Hoy encontramos un consenso en la lectura autorizada que coloca a Arendt en el campo del pensamiento político. Ahora bien, para que Arendt se sienta cómoda en él es necesario volver a pensar aquello que ella nunca terminó de definir: ¿qué significa la política? A su muerte, Arendt no legó una serie de términos claramente definidos que permitiera responder unívocamente esta pregunta, no legó un pensamiento unificado, perfeccionado obra tras obra, ni tampoco discípulos oficiales que continuaran su tarea de reflexión. No formó escuela. Lo que legó, en cambio, fueron conceptos inconclusos y un conjunto de libros en los que aparecen pensamientos que se hunden no sólo en la existencia del que piensa, sino en las ambigüedades y en los conflictos irresolubles que marcan a esa existencia. Vida y obra, discurso, acción y pensamiento no pueden abordarse por separado.

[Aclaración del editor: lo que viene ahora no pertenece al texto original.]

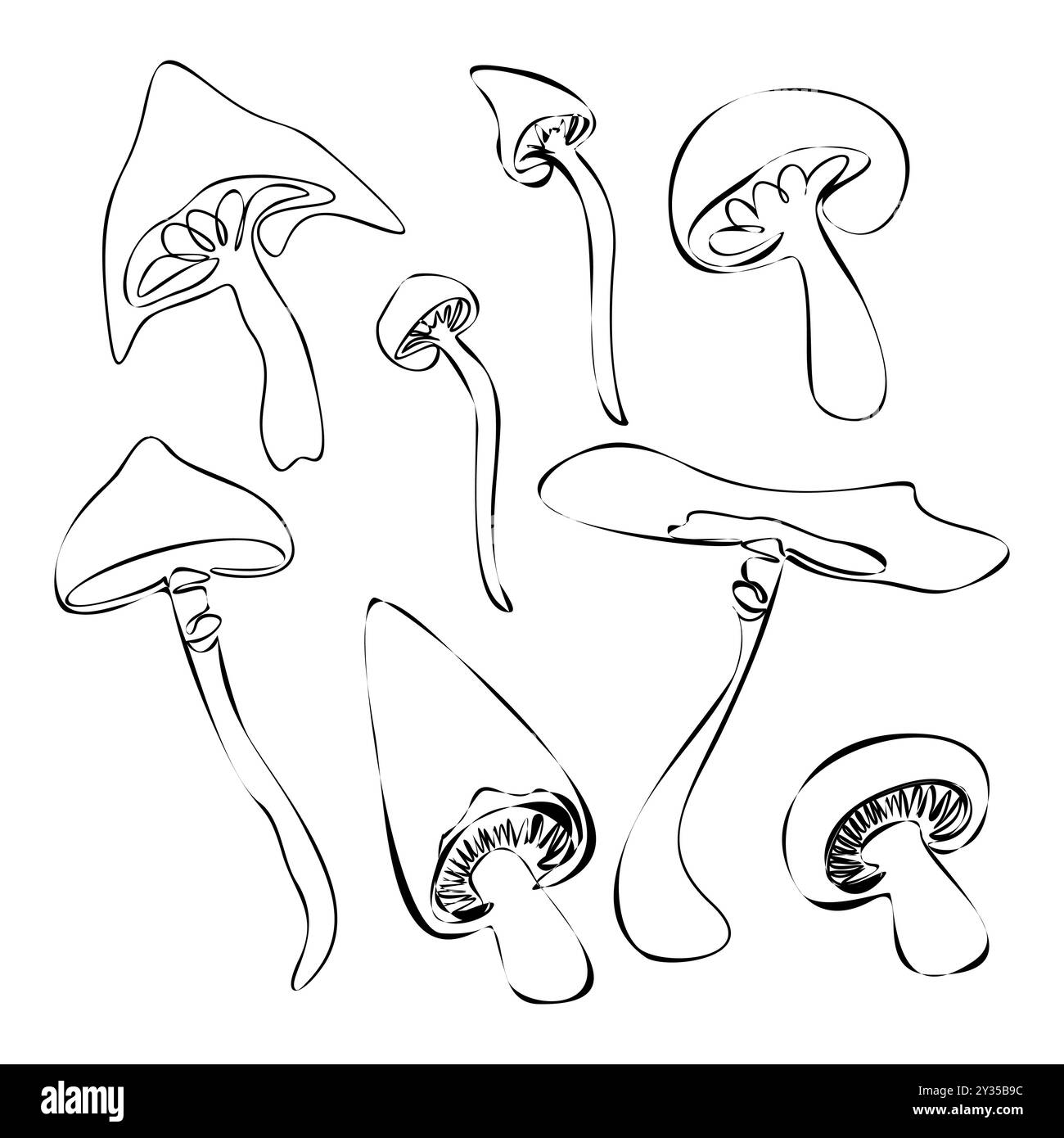 Ensemble de champignons fantastiques. Collection d'illustrations vectorielles dessinées à la main. Croquis de plantes forestières. Ensemble botanique. Dessin en ligne continue isolé sur blanc Illustration de Vecteur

La obra de Arendt es vasta, y cada uno de sus libros amerita una reflexión particular: el régimen de vida totalitaria, la suplantación en la época moderna de los espacios privado y público por el híbrido espacio social, la diferencia ontológica entre la Constitución que surge de la reforma norteamericana de la que surge de la Revolución Francesa, el dominio de lo útil y la actividad laboral por sobre la acción política (ver Sobre la revolución), la proclive desaparición de la facultad de juzgar y discriminar, y su reemplazo por el pensamiento instrumental y estadístico, la banalidad y cotidianidad del mal (ver Eichman y Jerusalem). Por su parte, la vida de Arendt atravesó las mayores catástrofes y contradicciones que asolaron el siglo XX: judía alemana, perseguida, exiliada, sobreviviente y testigo lúcido que vio cómo desaparecían sus amigos y ese mundo en común que para los regímenes totalitarios era tan fatuo y superfluo como la vida misma y tan peligroso como todo aquello que escapara a lo administrativamente regulado. Las terroríficas experiencias que vivió, sin embargo, no la abroquelaron en un pensamiento negativo empeñado en denunciar las condiciones de vida vigentes.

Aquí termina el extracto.